● EXERCISE GOAL: Each entry below should appear again exactly as written, without pictures.

***** PROVIDED RECORDS

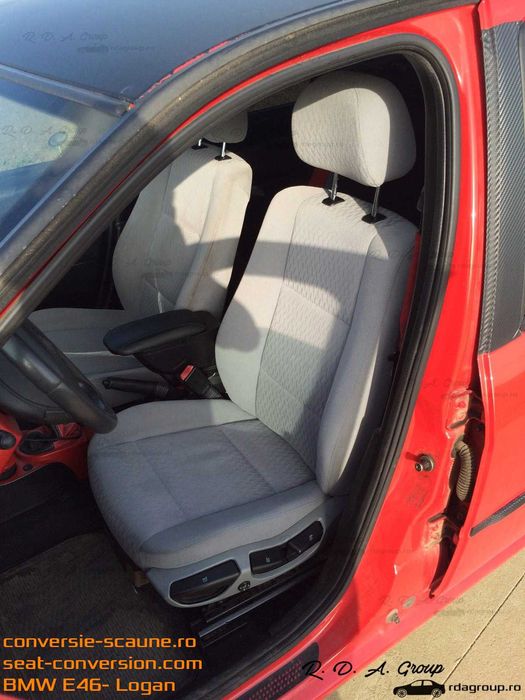 Sistem adaptare scaune de BMW E46 pe Logan Duster Sandero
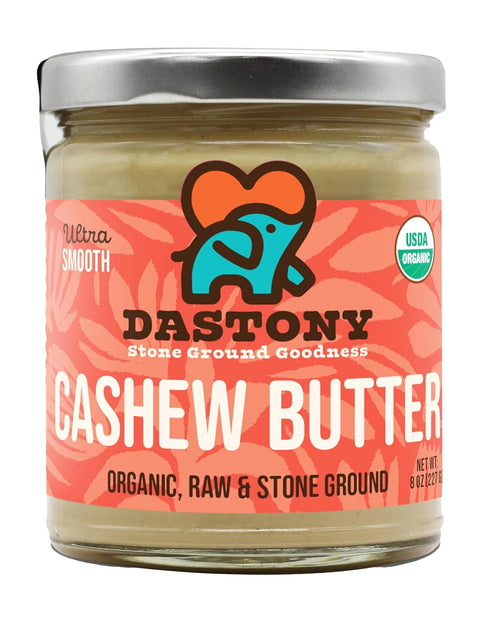 Dastony Organic Raw Cashew Nut Butter, 8 oz | Only One Ingredient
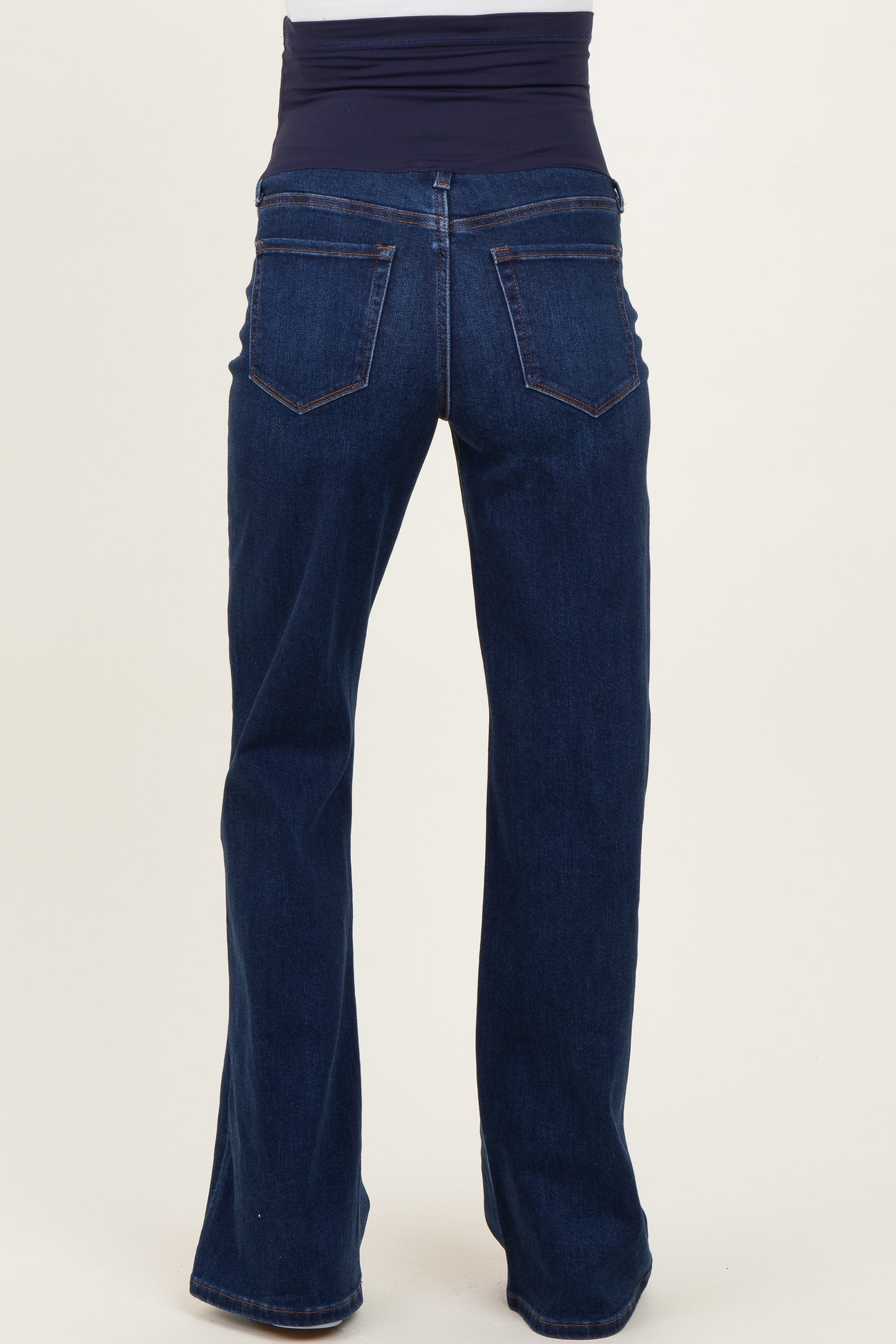 Navy Dark Wash Maternity Flare Jeans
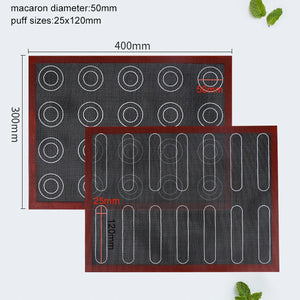 Perforated Silicone Baking Mat - Non-Stick Oven Sheet Liner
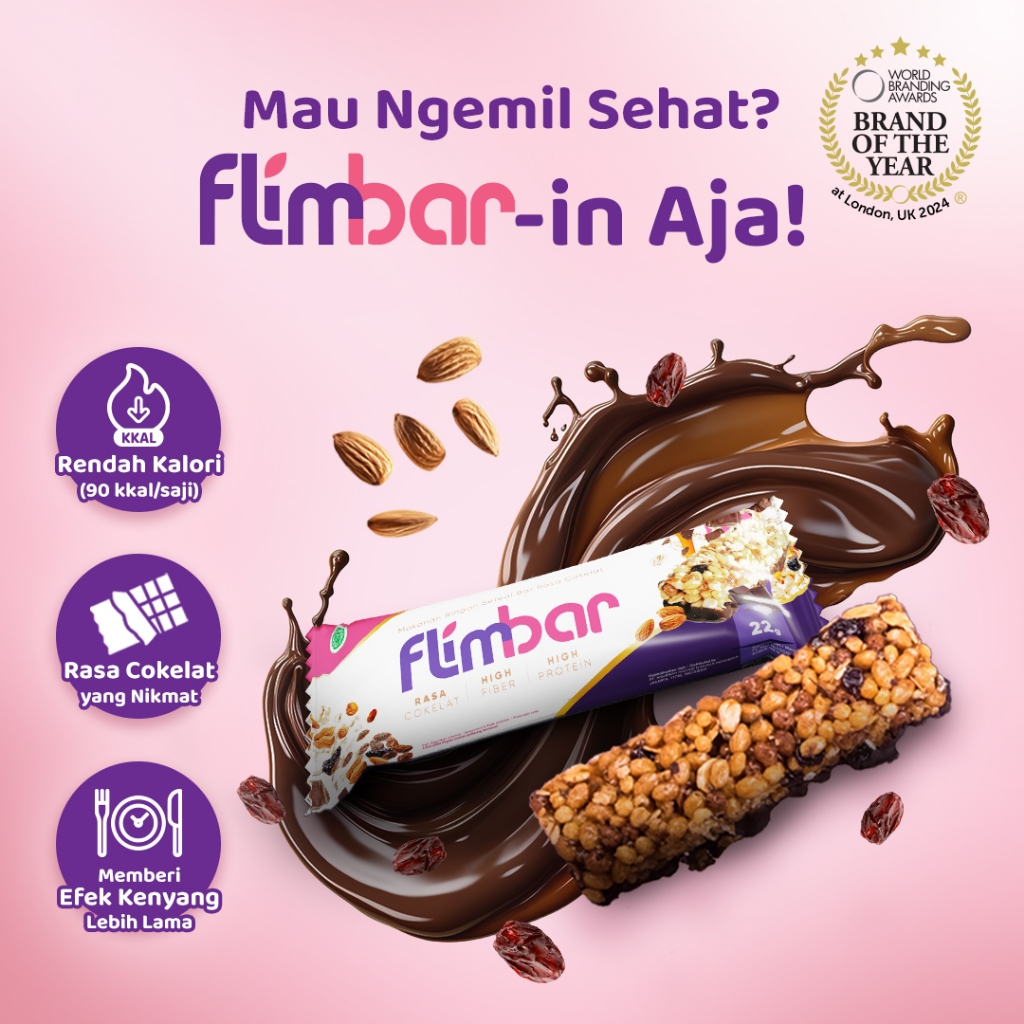

Flimbar (Snack Sehat) by Flimty - 1 Bar Cobain dulu!
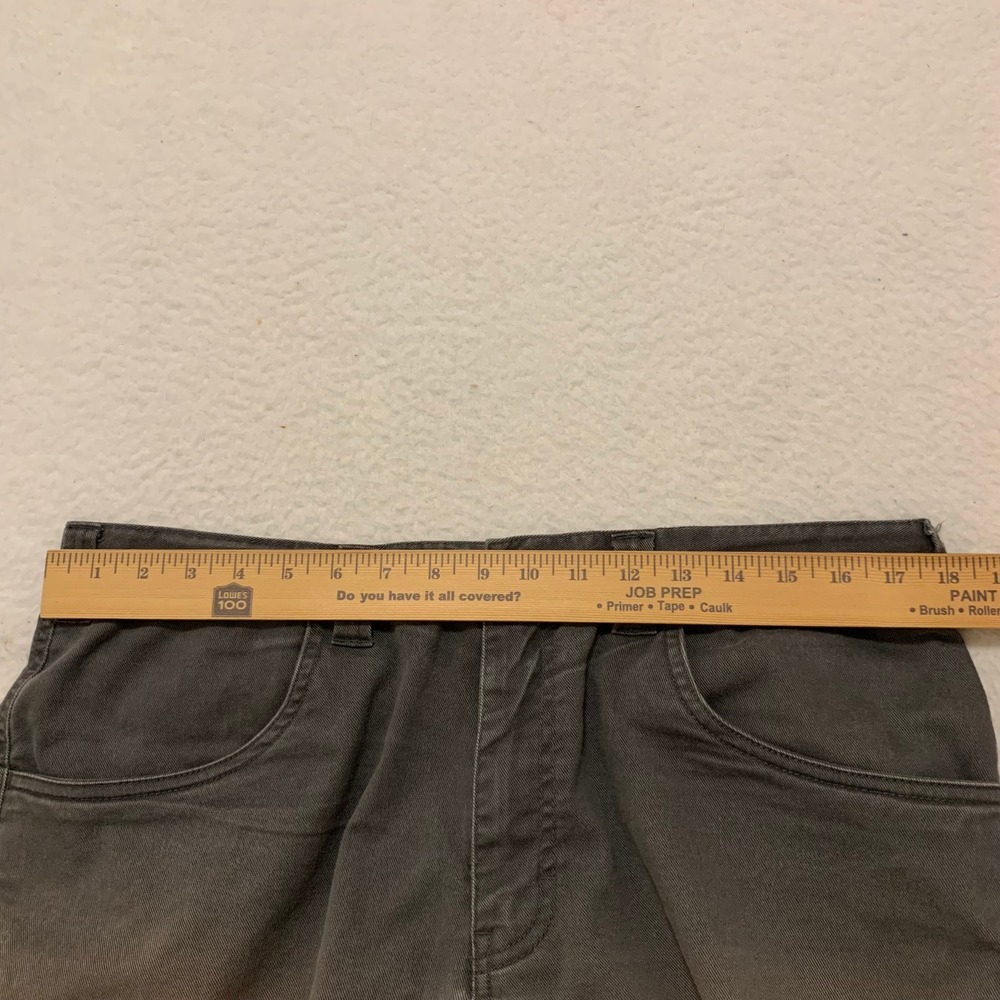 Arborwear Canvas Work Pants 36x34 (FITS 36x33) Faded Utility Rugged *HOLE* Gray - Picture 6 of 11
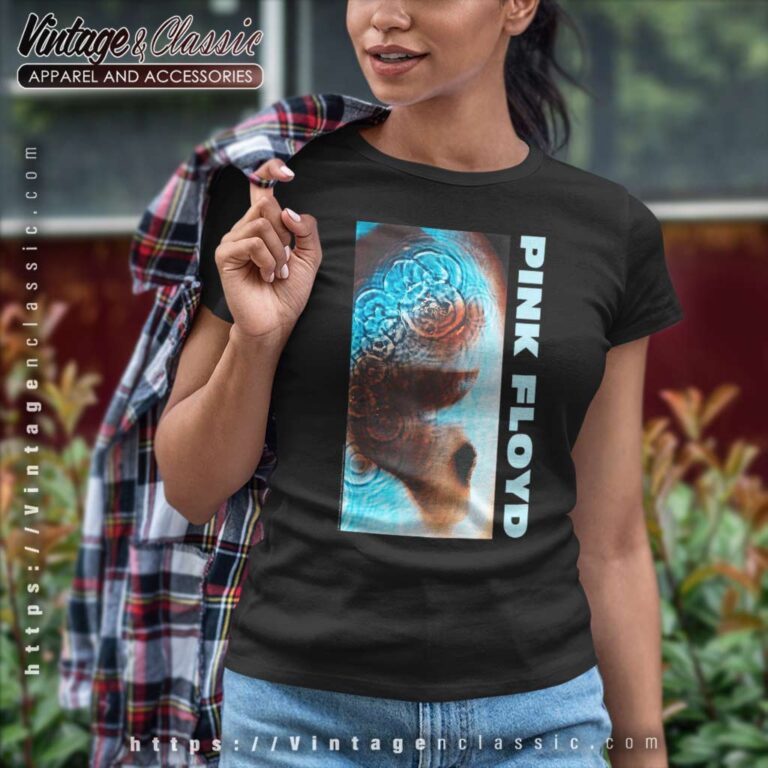 Album Meddle Pink Floyd Women TShirt Album Meddle Pink Floyd Women TShirt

**********

● EXERCISE ANSWER:
 Sistem adaptare scaune de BMW E46 pe Logan Duster Sandero
 Dastony Organic Raw Cashew Nut Butter, 8 oz | Only One Ingredient
 Navy Dark Wash Maternity Flare Jeans
 Perforated Silicone Baking Mat - Non-Stick Oven Sheet Liner

Flimbar (Snack Sehat) by Flimty - 1 Bar Cobain dulu!
 Arborwear Canvas Work Pants 36x34 (FITS 36x33) Faded Utility Rugged *HOLE* Gray - Picture 6 of 11
 Album Meddle Pink Floyd Women TShirt Album Meddle Pink Floyd Women TShirt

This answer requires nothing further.